Background Survival from out-of-hospital cardiac arrest (OHCA) is higher if the arrest is witnessed and occurs during exercise, however, there is contradicting data on prognosis with regards to sex and age. The purpose of this study was to compare the outcomes and circumstances of exercise-related OHCA in different age groups and between sexes in a large unselected population. Methods Data from exercise-related OHCAs reported to the Swedish Registry of Cardiopulmonary Resuscitation from 2011 to 2014 and from 2016 to 2018 were analysed. All cases of exercise-related OHCA in which emergency medical services attempted resuscitation were included. The primary outcome was survival to 30 days. Results In total, 635 cases of exercise-related OHCA outside of the home were identified. The overall 30-day survival rate was 44.5% with highest survival rate in the age group 0–35 years, compared with 36–65 years and >65 years (59.6% vs 46.0% and 40.4%, p=0.01). A subgroup analysis of 0–25 years showed a survival rate of 68.8%. Exercise-related OHCA in females (9.1% of total) were witnessed to a lower extent (66.7% vs 79.6%, p=0.03) and median time to cardiopulmonary resuscitation (CPR) was longer (2.0 vs 1.0 min, p=0.001) than in males. Females also had lower rates of ventricular fibrillation (43.4% vs 64.7%, p=0.003) and a lower 30-day survival rate (29.3% vs 46.0%, p=0.02).
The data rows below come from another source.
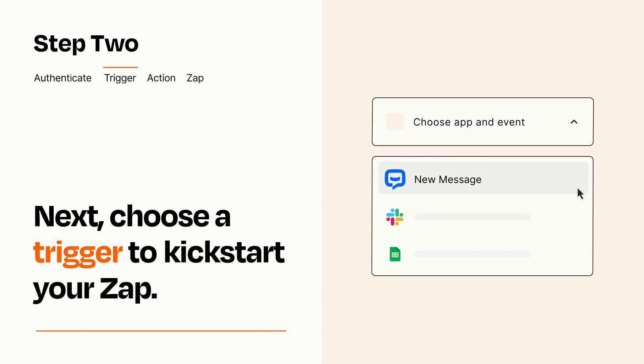Now let's set up your trigger, which is the event that starts your Zap. Pick the trigger event that you want from the list.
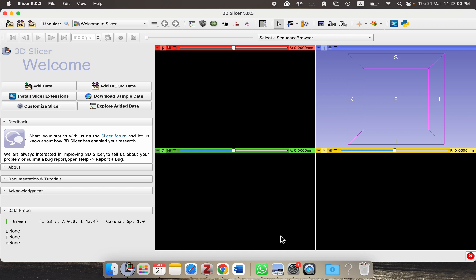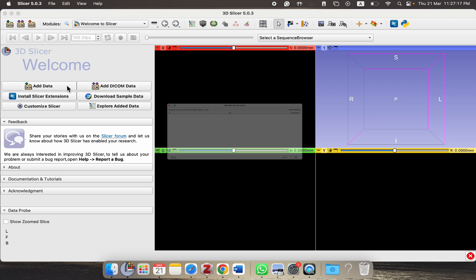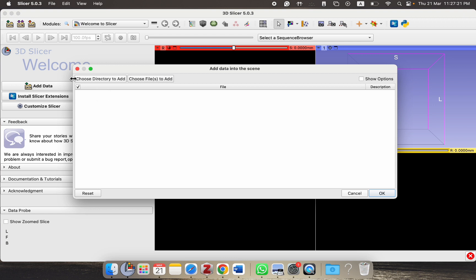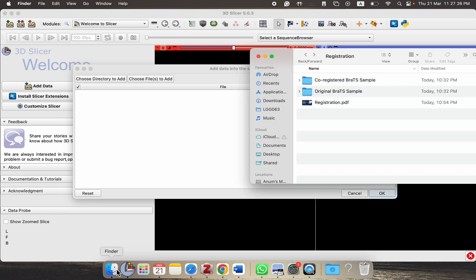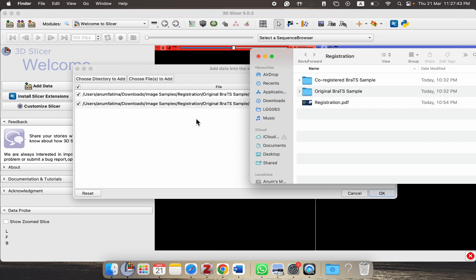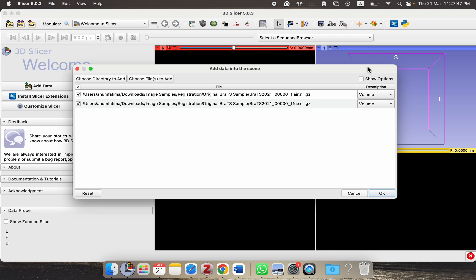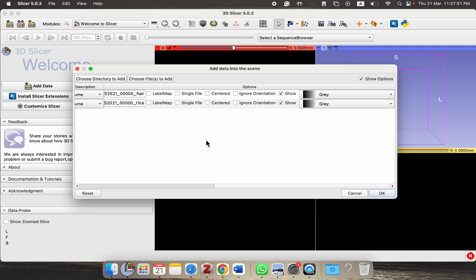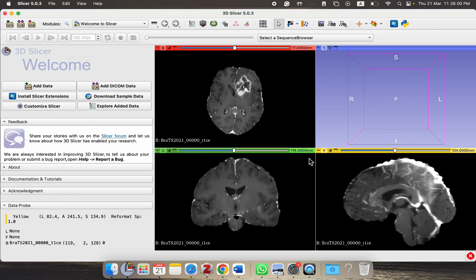I have opened up the 3D Slicer tool and the first thing is to import the data. I've taken an example from the BRATS dataset — I'll leave a link in the description below. Simply click on the add data button. You can choose a directory, individual files, or simply drag the folder containing your files into the window. Also click on show options and uncheck single file — this ensures that the entire volume is loaded, especially for DICOM images. Then simply click OK and it will load your MRIs.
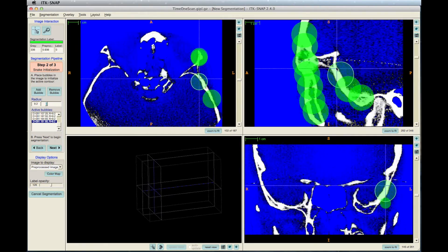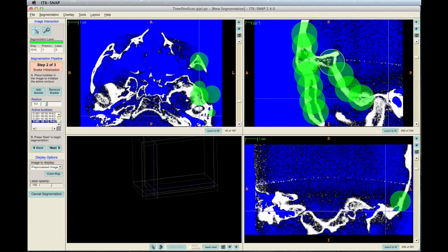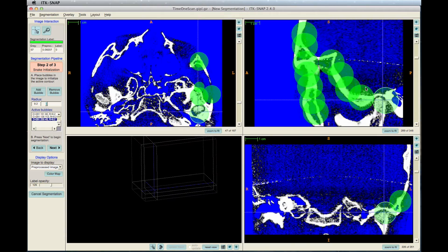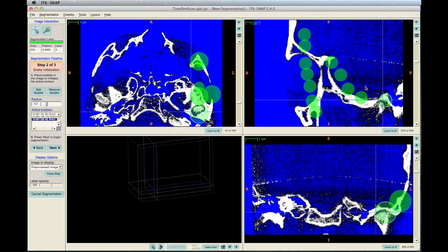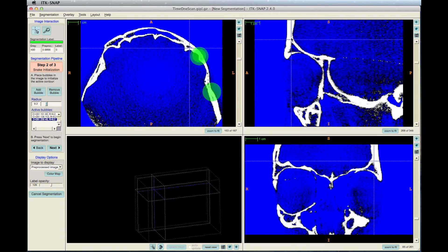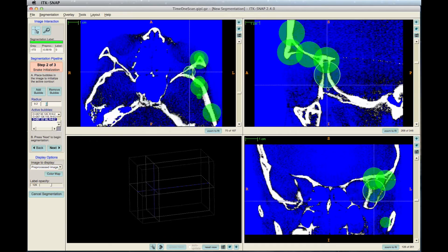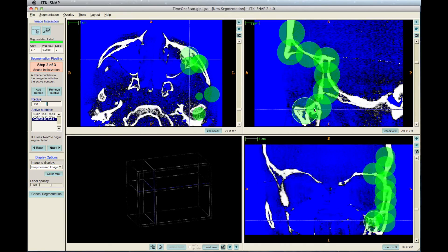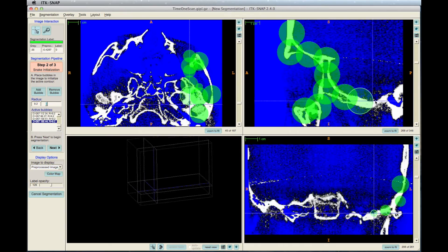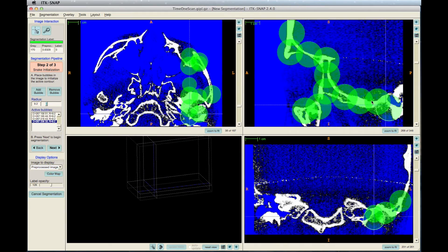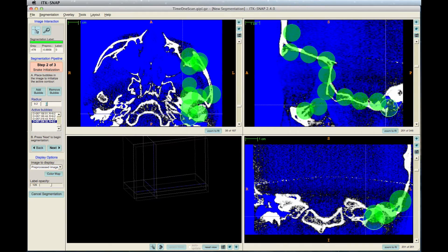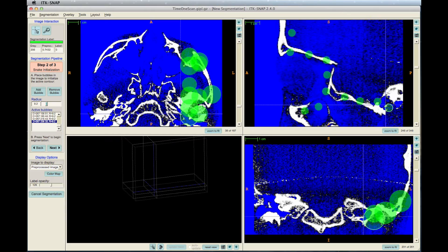Hold your cursor over your selection. Press and hold the left mouse button, and click the plus sign on the keyboard. A bubble will appear by your cursor. Keep doing this through all the slices.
Conclusion In exercise-related OHCA, younger victims have a higher survival rate. Exercise-related OHCA in females was rare, however, survival rates were lower compared with males and partly explained by a lower proportion of witnessed events, longer time to CPR and lower frequency of a shockable rhythm. All data relevant to the study are included in the article or uploaded as online supplemental information. Not applicable.

中文翻译:

男性和年轻人因运动相关的院外心脏骤停获得更好的结果:瑞典心肺复苏登记处的研究结果

背景 如果在运动期间目睹并发生心脏骤停,则院外心脏骤停 (OHCA) 的存活率更高,但是,关于性别和年龄的预后数据存在矛盾。本研究的目的是在大量未经选择的人群中比较不同年龄组和性别之间运动相关 OHCA 的结果和情况。方法对 2011 年至 2014 年和 2016 年至 2018 年向瑞典心肺复苏登记处报告的运动相关 OHCA 的数据进行分析。包括所有紧急医疗服务尝试复苏的与运动相关的 OHCA 病例。主要结果是生存至 30 天。结果 总共确定了 635 例在家外与运动相关的 OHCA。总的 30 天生存率为 44。5% 在 0-35 岁年龄组中存活率最高,而 36-65 岁和 >65 岁(59.6% vs 46.0% 和 40.4%,p=0.01)。0-25 岁的亚组分析显示生存率为 68.8%。女性(占总数的 9.1%)发生运动相关的 OHCA 的程度较低(66.7% 对 79.6%,p=0.03),心肺复苏(CPR)的中位时间更长(2.0 对 1.0 分钟,p=0.001)比男性。女性的心室颤动发生率也较低(43.4% 对 64.7%,p=0.003)和 30 天存活率较低(29.3% 对 46.0%,p=0.02)。结论 在与运动相关的 OHCA 中,年轻患者的存活率较高。女性中与运动相关的 OHCA 很少见,但与男性相比,存活率较低,部分原因是目击事件的比例较低,心肺复苏的时间更长,可电击心律的频率更低。所有与研究相关的数据都包含在文章中或作为在线补充信息上传。不适用。